-------- Exercise input --------

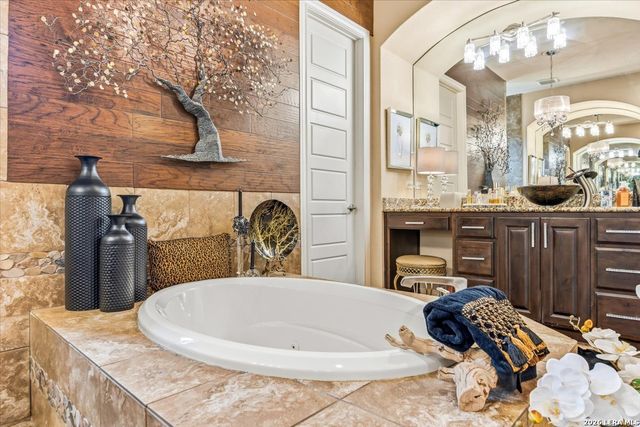 1930 Rothschild, New Braunfels, TX 78132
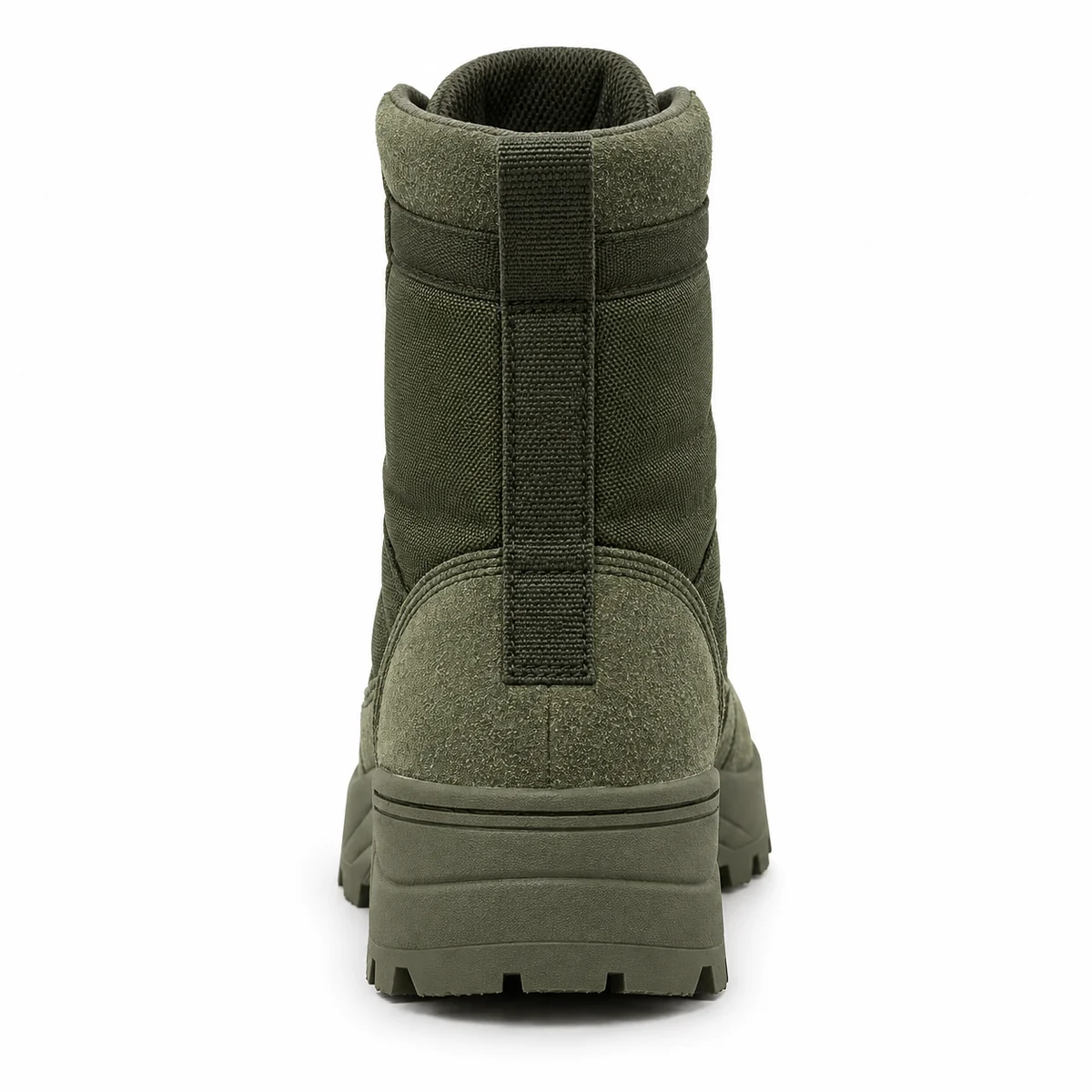 Homme portant des bottes vertes à lacets dans un style militaire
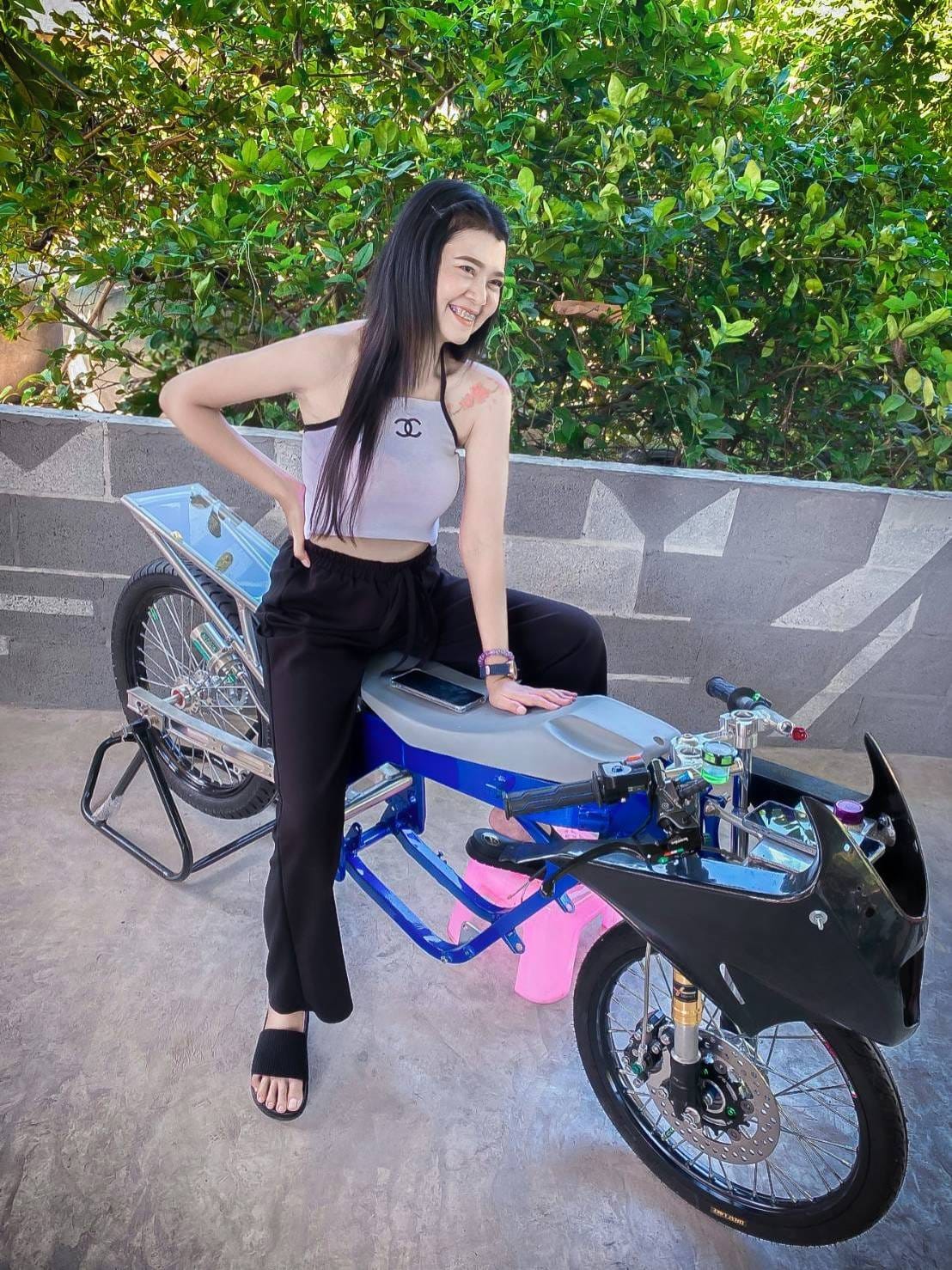 วัยรุ่น Love racing car Thailand | Lop Buri
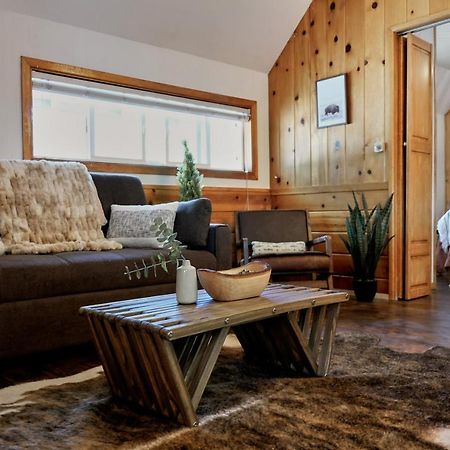 Lake Front Cabins Джун Лейк Екстериор снимка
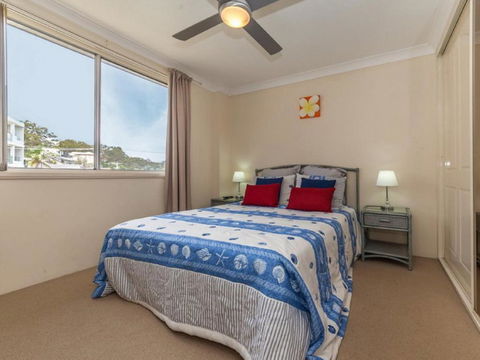 3 Sunset 11 Victoria Parade Stunning Unit Right Across From The Water - Accommodation Noosa 2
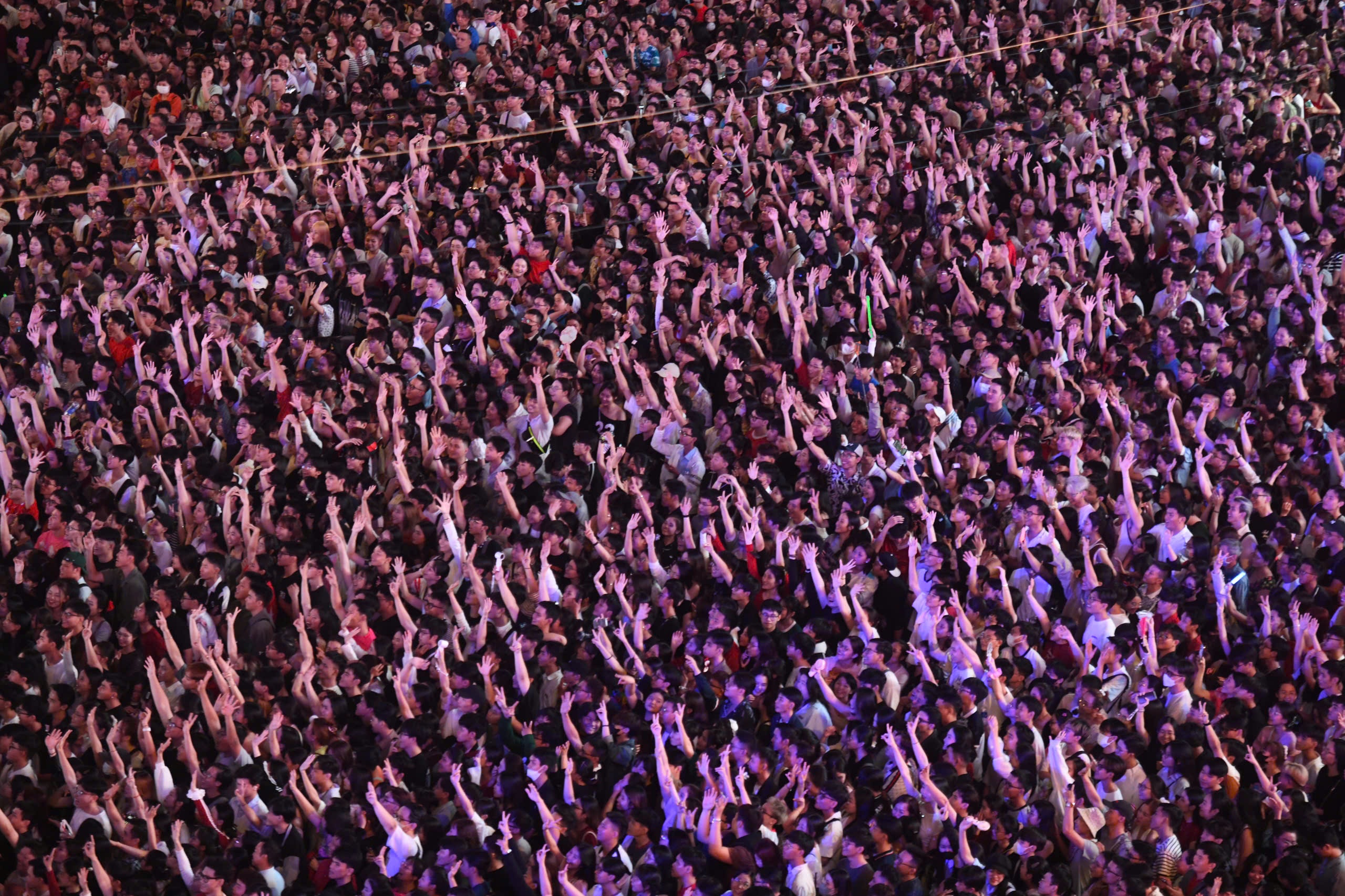 Ngat xiu giua bien nguoi cho don nam moi o pho di bo Nguyen Hue hinh anh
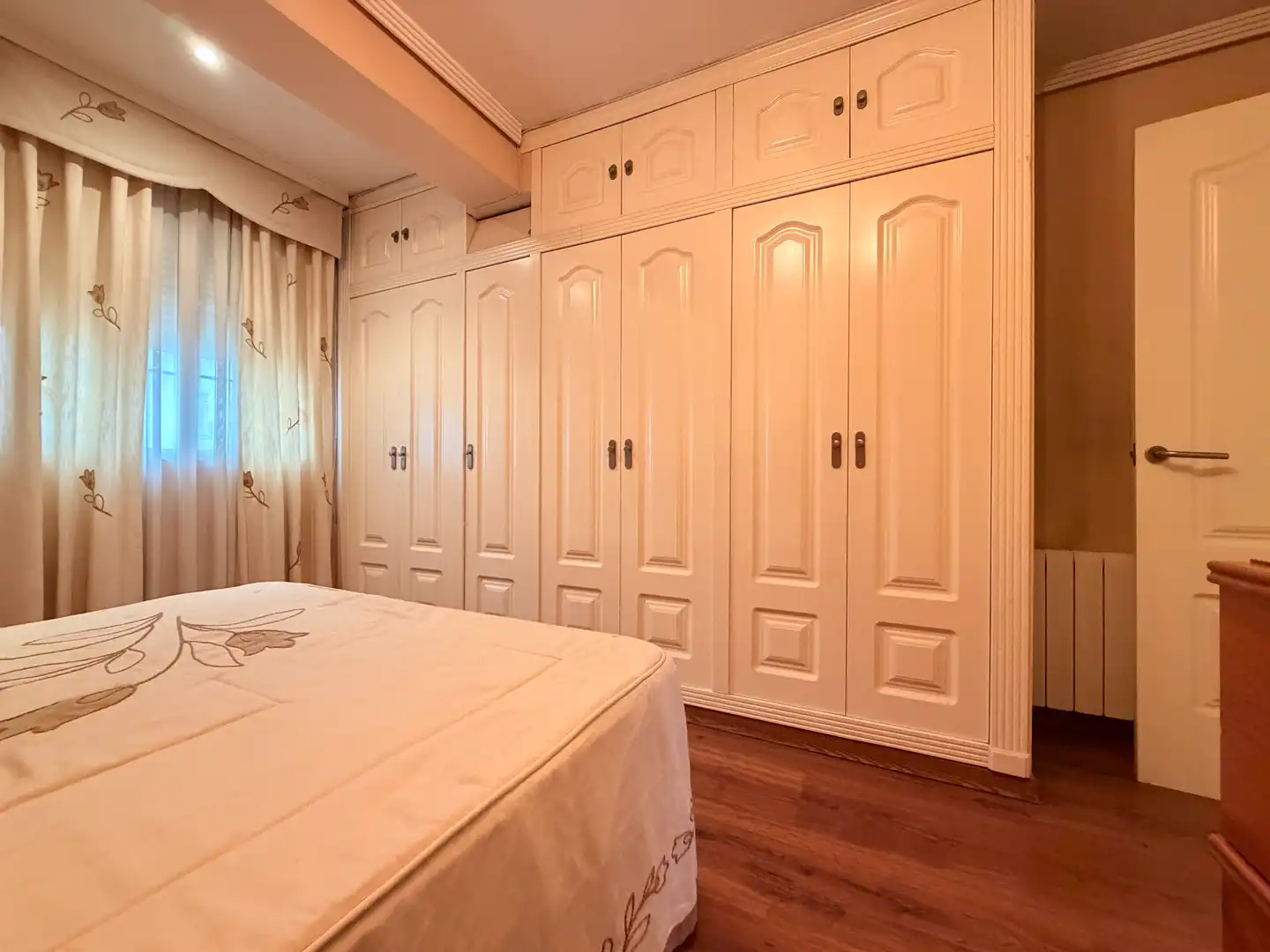 Habitación de Piso en venta en Castellón de la Plana / Castelló de la Plana con Aire acondicionado, Calefacción y Parquet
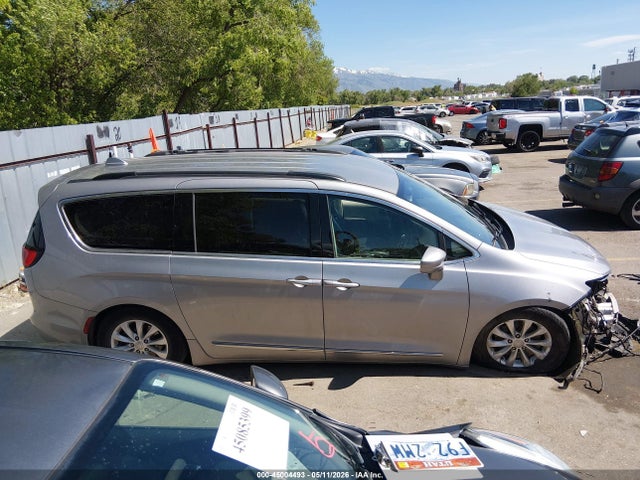 Chrysler Pacifica Touring-l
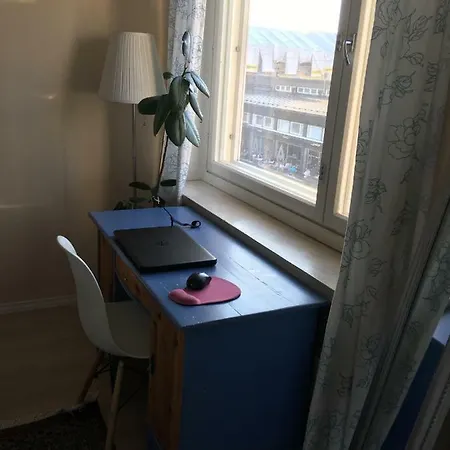 Daire Goahti Apt- Central, River View, Top Floor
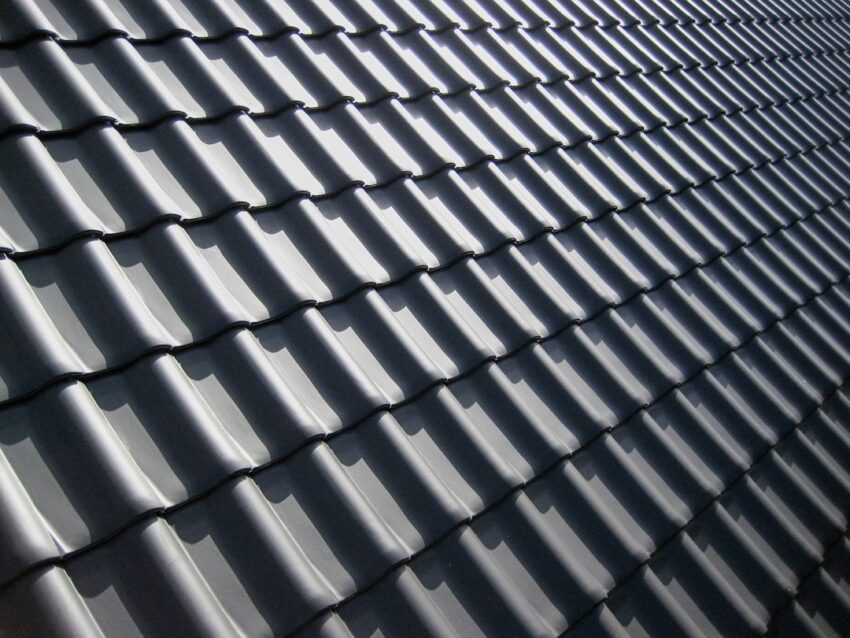 roof-640x480-57753049.jpeg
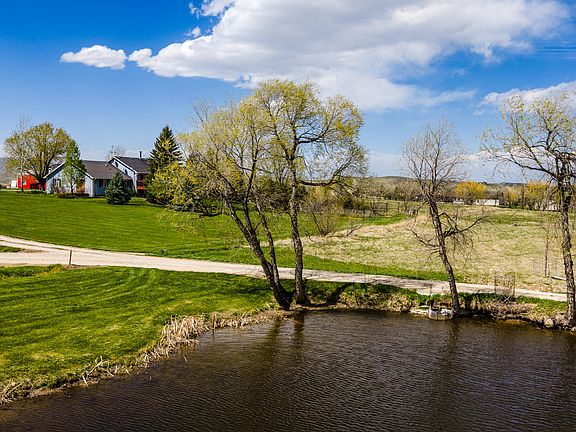 5th image of 36 Whitetail Ln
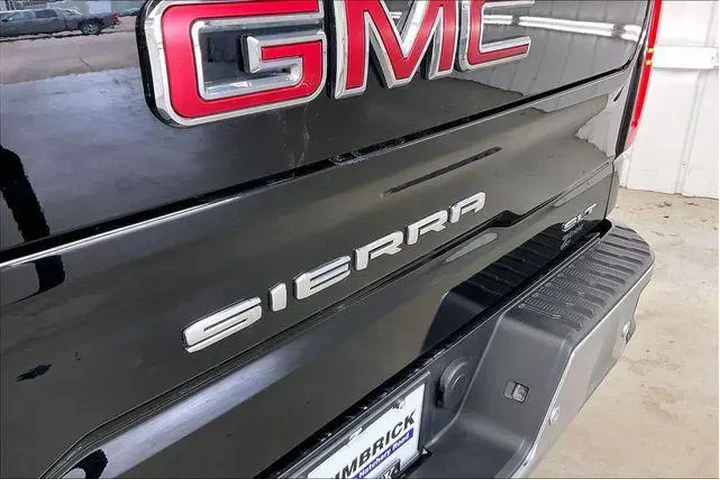 $29490 : GMC Sierra 1500 2019 4x4 SLT image 9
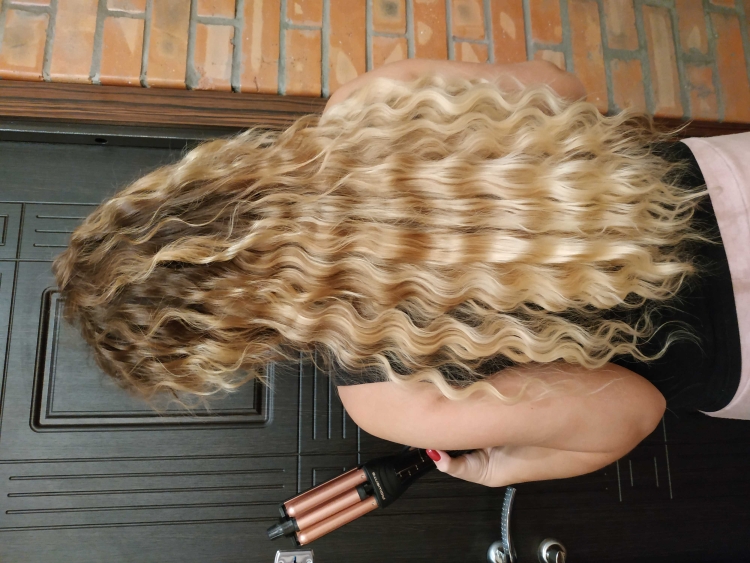 Плойка голливудская волна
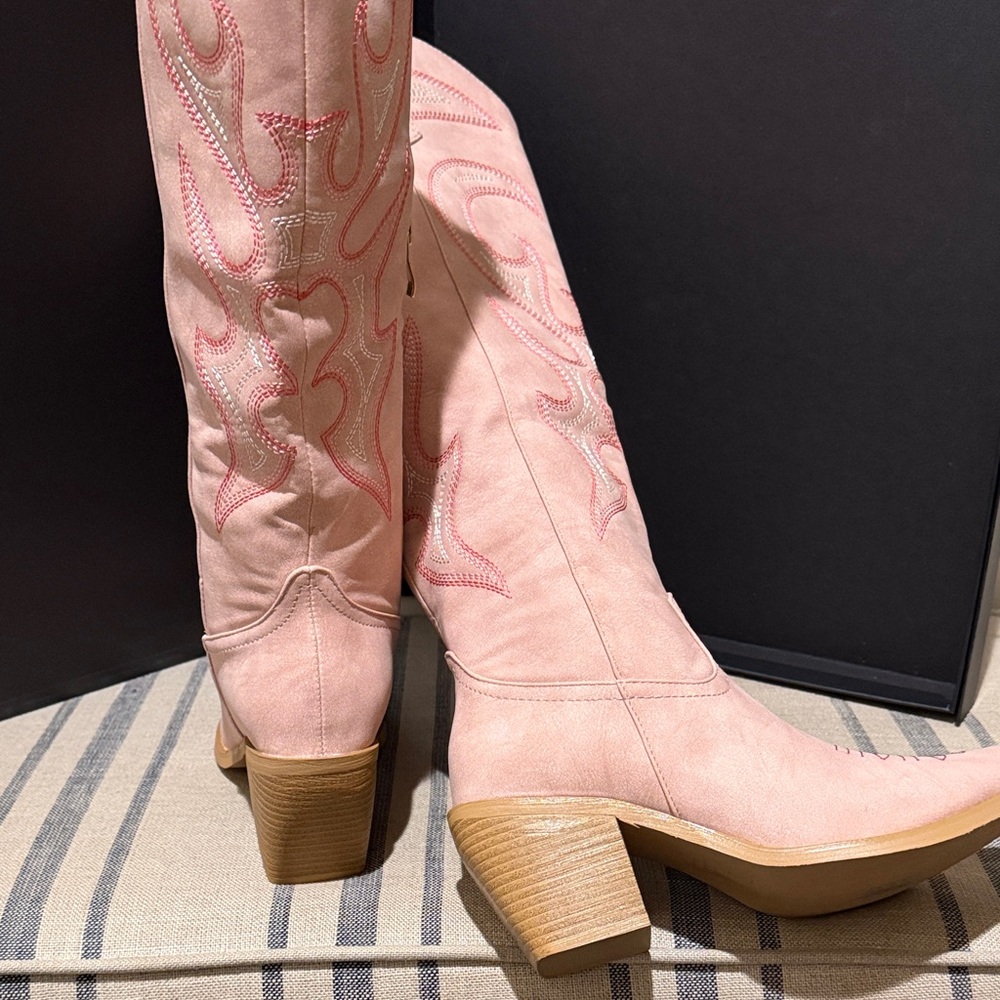 Wetkiss Stylish Pink Embroidered Knee High Heeled Boots - Picture 5 of 8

--------

» Your objective:
Your copy of the entries must be exact and must not include any of their pictures.

» Task answer:
 1930 Rothschild, New Braunfels, TX 78132
 Homme portant des bottes vertes à lacets dans un style militaire
 วัยรุ่น Love racing car Thailand | Lop Buri
 Lake Front Cabins Джун Лейк Екстериор снимка
 3 Sunset 11 Victoria Parade Stunning Unit Right Across From The Water - Accommodation Noosa 2
 Ngat xiu giua bien nguoi cho don nam moi o pho di bo Nguyen Hue hinh anh
 Habitación de Piso en venta en Castellón de la Plana / Castelló de la Plana con Aire acondicionado, Calefacción y Parquet
 Chrysler Pacifica Touring-l
 Daire Goahti Apt- Central, River View, Top Floor
 roof-640x480-57753049.jpeg
 5th image of 36 Whitetail Ln
 $29490 : GMC Sierra 1500 2019 4x4 SLT image 9
 Плойка голливудская волна
 Wetkiss Stylish Pink Embroidered Knee High Heeled Boots - Picture 5 of 8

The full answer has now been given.